Thomas Erben Gallery
526 West 26th Street
4th Floor New York, NY 10001

November 7th - December 21st
Opening: November 7th 06:00 PM - 08:30 PM

It is our great pleasure to announce an axe for a wing-bone,
Yamini Nayar's second solo exhibition with Thomas Erben Gallery.
This new body of work continues Nayar's process-oriented
practice, further highlighting her method of construction and
destruction, where the finally selected photographic recording
might not be an end result but chosen from a state "in between."
This is particularly evident in a series of four black-and-white
small-scale studies, different iterations of a makeshift room where
common elements take on roles that change from image to image.
The timeline is unclear, giving a sense of parallel realities, and the
improbable constructions disrupt any sense of spatial logic as they
veer towards abstraction.

Process and temporality have always been essential to Nayar's
work: tabletop and wall-built models are fashioned from raw
industrial materials and studio debris, and continuously reworked
while being documented by the camera.
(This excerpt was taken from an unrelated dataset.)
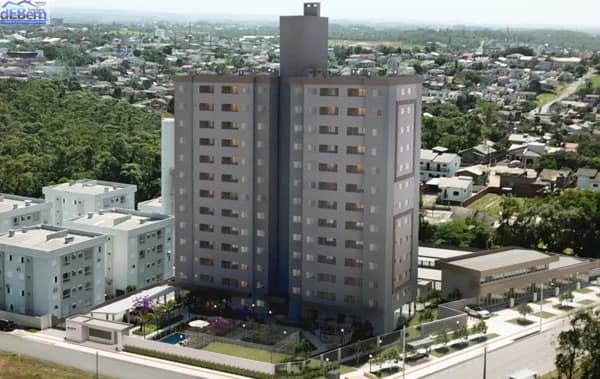 Apartamento Padrão para Venda em Ana Maria Criciúma-SC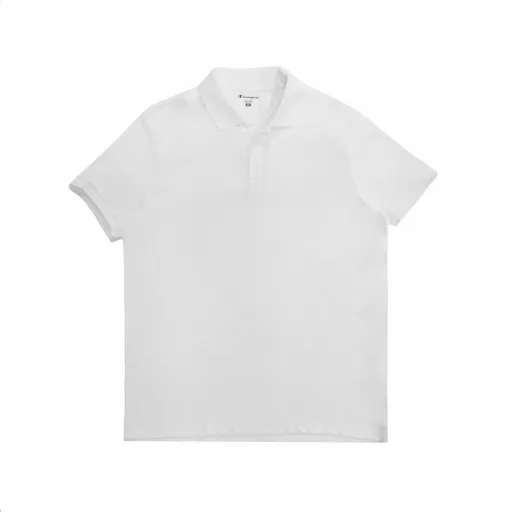 Polo de Manga Curta Homem Champion Sportswear Branco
The works in an axe for a
wing-bone seem even more impermanent than earlier examples,
unhinging meaning/logic in a classic surrealist clash of visual
impulses, where multiple perspectives are contained within the
same image. Constructions that previously appeared fractured but
stable have been infused with a heightened precariousness, the
delicate energy of a place whose very structure is founded on the
constant shift of time and movement. There is a presence of body
in these spaces, hands building and tearing apart, the physical
and personal merging with the space itself as each small event
leaves its mark.

One point of departure for Nayar is her research into modernist
architecture -- along with the 1920-30s design of constructivists
and the Bauhaus movement -- and its monumentality echoes
through the work: ambitious structures supported by fragile,
skeletal underpinnings. There is a sense of mimicry here, a desire
to understand and rework the tectonics of modernism, as if
someone from a distant future were trying to make sense of a
fragmented architectural past, improvising with any objects at
hand. This tension between the monumental and the unstable is
mirrored in other, similar dichotomies, as solid surfaces are
contrasted with the transparency of glass, and familiar materials
like wood and plaster intersect insubstantial fields of vague and
gauzy matter. Nayar's new interiors are no less expansive than
before, but she seems to increasingly strive towards the vertical,
which adds a new dimension of overreaching impermanence.
Similarly, a flattening of space has taken place, a shortening of
perspective influenced by other ways of rendering depth, such as
non-Western pictorial traditions where images are constructed
according to a different logic.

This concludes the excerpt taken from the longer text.